Steps to prepare for the tutorial session:

  1. Login to Atlas Open OnDemand at https://atlas-ood.hpc.msstate.edu/. For more information on login procedures for web-based SCINet access, see the SCINet access user guide.

  2. Open a command-line session by clicking on “Clusters” -> “Atlas Shell Access” on the top menu.
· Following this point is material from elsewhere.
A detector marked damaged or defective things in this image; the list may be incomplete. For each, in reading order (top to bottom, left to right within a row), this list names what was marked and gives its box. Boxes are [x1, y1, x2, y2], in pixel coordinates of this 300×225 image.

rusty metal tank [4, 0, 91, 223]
This will open a new tab with a command-line session on Atlas’ login node.

  3. Request resources on a compute node by running the following command:

     srun --reservation=forum -A scinet_workshop1 -t 03:00:00 -n 1 --mem 8G --pty bash
    
  4. Create a workshop working directory and copy the workshop materials into it by running the following commands. Note: you do not have to edit the commands with your username as it will be determined by the $USER variable.
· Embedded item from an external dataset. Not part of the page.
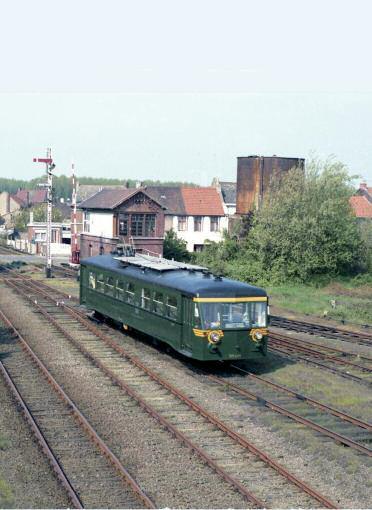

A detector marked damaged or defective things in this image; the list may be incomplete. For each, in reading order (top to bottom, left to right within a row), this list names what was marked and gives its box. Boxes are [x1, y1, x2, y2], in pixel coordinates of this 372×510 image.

rusty metal tank [235, 153, 306, 213]
rusted rail surface [0, 304, 155, 508]
rusted rail surface [4, 276, 338, 510]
     mkdir -p /90daydata/shared/$USER/deepvariant 
     cd /90daydata/shared/$USER/deepvariant
        
     cp /project/ai_forum/deepvariant/Sample_Data/assembly.fasta . 
        
     mkdir PE_directory 
     cp -r /project/ai_forum/deepvariant/Sample_Data/samplename_R*.fastq.gz .
        
     # Create a directory for trimmed reads 
     mkdir Trimmed 
        
     # Create a directory for mapped reads 
     mkdir Mapped 
        
     # Create a directory for variants 
     mkdir Variants 
        
     # Create a directory for intermediate files 
     mkdir Int 
        
     # Activate your conda environment 
     module load miniconda3 
     module load samtools 
     module load apptainer 
     source activate /project/ai_forum/deepvariant/Software/condaenvs/deepvariant 
        
     # Prepare for a fun time 
        
     # Step 1: trimming 
     # Trim adapter artifacts from your reads 
     trim_galore --paired \ 
             --basename samplename \ 
             --output_dir Trimmed \ 
             --cores 24 \ 
             PE_directory/samplename_R1.fastq.gz \ 	 
             PE_directory/samplename_R2.fastq.gz 
                
     # Step 2: mapping 
     # Index your reference assembly 
     bwa-mem2 index assembly.fasta 
    
     # Index reference assembly using Samtools (for later) 
     samtools faidx assembly.fasta >assembly.fasta.fai 
        
     # For each of your trimmed and paired reads:  
     bwa-mem2 mem –t 48 assembly.fasta \ 	 
           Trimmed/samplename_val_1.fq.gz \ 	 
           Trimmed/samplename_val_2.fq.gz | \ 
           samblaster | \ 	 
           samtools sort -@ 48  –o Mapped/samplename.bam 
        
     # Step 3: call variants 
     apptainer exec Software/sifs/deepvariant_1.6.0.sif \ 
               python3 Software/deepvariant/scripts/run_deepvariant.py \ 	 
               --num_shards=48 \ 
               --model_type WGS \ 
               --output_vcf Variants/samplename.vcf.gz \ 
               --output_gvcf Variants/samplename.g.vcf.gz \ 
               --ref assembly.fasta \ 
               --reads Mapped/samplename.bam \ 
               --sample_name samplename \ 
               --intermediate_results_dir Int/samplename_int \ 
               --make_examples_extra_args "normalize_reads=true” \\ 
               --dry_run 
    
     # Merge and Filter  
     module load miniconda3 
     module load jemalloc 
     module load bcftools 
     module load htslib 
     conda activate /project/ai_forum/deepvariant/Software/condaenvs/glnexus 
    
     # Use GLNexus for joint calling .g.vcf samples: 
     glnexus_cli --threads 48 --config DeepVariantWGS *.g.vcf.gz > cohort.bcf 
    
     # Convert raw bcf results to vcf format: 
     bcftools convert -Oz -o cohort.vcf.gz cohort.bcf 
    
     # Fill tags and drop DP<=1 calls 
     bcftools +setGT cohort.bcf --threads 46 -Ob -- -t q -n . -e 'FMT/DP>=1' | \ 
     bcftools +fill-tags --threads 46 - -Ob -- -t AF,AN,AC | \ 
     bcftools annotate --threads 46 - -Ov -x FORMAT/RNC -o cohort.clean.vcf 
    
     # Filter 
     plink2 --vcf cohort.clean.vcf --geno 0.5 --vcf-min-qual 20 --min-alleles 2 --max-alleles 2 --vcf-half-call missing --allow-extra-chr --recode vcf --out cohort.clean.diploid 
    
     # Make numeric (0,1,2) 
     plink2 --vcf cohort.clean.diploid.vcf --allow-extra-chr --recode A-transpose –out cohort.clean.diploid.Atranspose 
    
     # See results 
     head -n 20 cohort.clean.diploid.Atranspose.traw 
    
  5. Stop the interactive job on the compute node by running the command exit.